> _Exercise brief_
Copy out every line of the records where the string "Used" occurs.

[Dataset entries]
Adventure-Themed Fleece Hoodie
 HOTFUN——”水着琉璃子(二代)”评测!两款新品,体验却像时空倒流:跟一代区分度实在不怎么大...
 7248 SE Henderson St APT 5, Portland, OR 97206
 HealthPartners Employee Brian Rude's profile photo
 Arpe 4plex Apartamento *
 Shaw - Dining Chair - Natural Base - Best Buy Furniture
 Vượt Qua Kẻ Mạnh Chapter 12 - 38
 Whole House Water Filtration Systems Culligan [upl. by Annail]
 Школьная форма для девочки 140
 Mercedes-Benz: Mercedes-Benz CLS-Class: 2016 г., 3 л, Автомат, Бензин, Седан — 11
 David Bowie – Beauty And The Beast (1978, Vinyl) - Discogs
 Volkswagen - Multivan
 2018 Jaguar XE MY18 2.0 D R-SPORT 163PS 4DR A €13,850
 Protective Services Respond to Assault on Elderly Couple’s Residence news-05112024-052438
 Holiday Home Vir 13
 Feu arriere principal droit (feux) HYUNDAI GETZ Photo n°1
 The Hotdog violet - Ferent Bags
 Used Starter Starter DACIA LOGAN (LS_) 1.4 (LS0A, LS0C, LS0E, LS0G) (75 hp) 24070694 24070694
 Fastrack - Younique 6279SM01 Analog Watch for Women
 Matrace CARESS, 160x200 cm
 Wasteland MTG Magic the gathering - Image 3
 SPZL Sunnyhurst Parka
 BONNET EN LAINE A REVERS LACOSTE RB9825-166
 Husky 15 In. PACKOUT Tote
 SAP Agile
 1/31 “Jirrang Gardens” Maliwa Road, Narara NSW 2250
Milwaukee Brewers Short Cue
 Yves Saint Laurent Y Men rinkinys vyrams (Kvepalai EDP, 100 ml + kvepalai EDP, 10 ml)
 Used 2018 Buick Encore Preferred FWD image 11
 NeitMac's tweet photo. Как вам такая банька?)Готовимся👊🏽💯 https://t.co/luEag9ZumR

> _Answer space_
 Used Starter Starter DACIA LOGAN (LS_) 1.4 (LS0A, LS0C, LS0E, LS0G) (75 hp) 24070694 24070694
 Used 2018 Buick Encore Preferred FWD image 11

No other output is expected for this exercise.